La socievolezza dei cani

Cani

I cani sono animali socievoli a cui piace relazionarsi. I loro antenati, i lupi, sono animali che cacciano in branco prede di grandi dimensioni e che vivono generalmente in gruppi più o meno stabili. Questa necessità li spinge a collaborare e per farlo si osservano sincronizzando le proprie azioni.

Da questo punto di origine, attraverso un percorso evolutivo più o meno simbiotico, uomo e cane si sono adattati a collaborare, a comprendersi e a beneficiare mutuamente di questo rapporto. Senza questo istinto, la convivenza sarebbe stata molto diversa.

Per illustrare l'importanza dell'associazione naturale tra popolazioni di animali sociali, ricorriamo allo studio condotto negli anni '50 del secolo scorso dal genetista russo Dmitry Belyaev. Lo studio mise in evidenza il fatto che i lupi non furono manipolati dall'uomo nel corso del processo di addomesticazione, ma che si trattò più che altro di un processo di autoselezione, durante il quale gli esemplari più docili si avvicinarono spontaneamente a un'altra specie, in questo caso, quella umana. Allo stesso modo, probabilmente, gli umani favorirono la riproduzione degli esemplari più docili, perpetuando così questa caratteristica.

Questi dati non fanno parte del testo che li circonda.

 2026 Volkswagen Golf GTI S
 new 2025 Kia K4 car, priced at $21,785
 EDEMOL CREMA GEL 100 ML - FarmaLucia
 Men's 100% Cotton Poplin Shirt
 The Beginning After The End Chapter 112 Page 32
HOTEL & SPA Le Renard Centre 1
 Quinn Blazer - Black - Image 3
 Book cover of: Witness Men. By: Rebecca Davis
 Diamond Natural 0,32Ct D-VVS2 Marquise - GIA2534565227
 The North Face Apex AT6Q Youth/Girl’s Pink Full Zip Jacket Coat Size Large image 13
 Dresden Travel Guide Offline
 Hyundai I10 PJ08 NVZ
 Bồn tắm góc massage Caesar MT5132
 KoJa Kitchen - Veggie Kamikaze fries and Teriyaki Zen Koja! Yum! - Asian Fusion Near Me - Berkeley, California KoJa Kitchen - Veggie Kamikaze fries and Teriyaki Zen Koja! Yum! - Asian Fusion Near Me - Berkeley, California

Belyaev eseguì il suo esperimento su esemplari di volpe argentata, selezionando quelli più docili e socievoli all’interno di ciascuna cucciolata. In questo modo, riuscì a ottenere volpi sempre più socievoli e, sorprendentemente, caratterizzate da tratti più femminili e giovanili, analogamente a quanto accade con l'aspetto dei cani rispetto a quello dei lupi.

 

Amanti della compagnia

Al giorno d’oggi, però, come conseguenza di un'evoluzione così spiccatamente sociale, i cani hanno bisogno di stare in compagnia e, specie dopo questo processo di addomesticazione, prediligono la compagnia dell'uomo. I cani moderni sono più socievoli con i propri simili, ma questa caratteristica " diminuisce con l'età ", come afferma Victoria Coll, laureata in etologia presso “Les Écoles Veterinaires Françaises”. L'esperta conferma che, diversamente da un cucciolo che desidera giocare con altri cani, un esemplare adulto "non ha una necessità impellente di creare nuovi vincoli con i propri simili". Infatti, aggiunge: "Uno dei principali problemi riscontrati attualmente dagli etologi è una pessima (o addirittura assente) socializzazione tra individui della stessa specie". Per questo motivo, parlare oggi di istinto socievole del cane non vuol dire tanto parlare di socializzazione con altri esemplari della stessa specie, quanto piuttosto della sua relazione con l'uomo.

È molto semplice. Ciò che il cane desidera è stare in tua compagnia. Vivere e fare cose assieme a te. Solo così è felice. Siete tu e la tua famiglia il suo branco.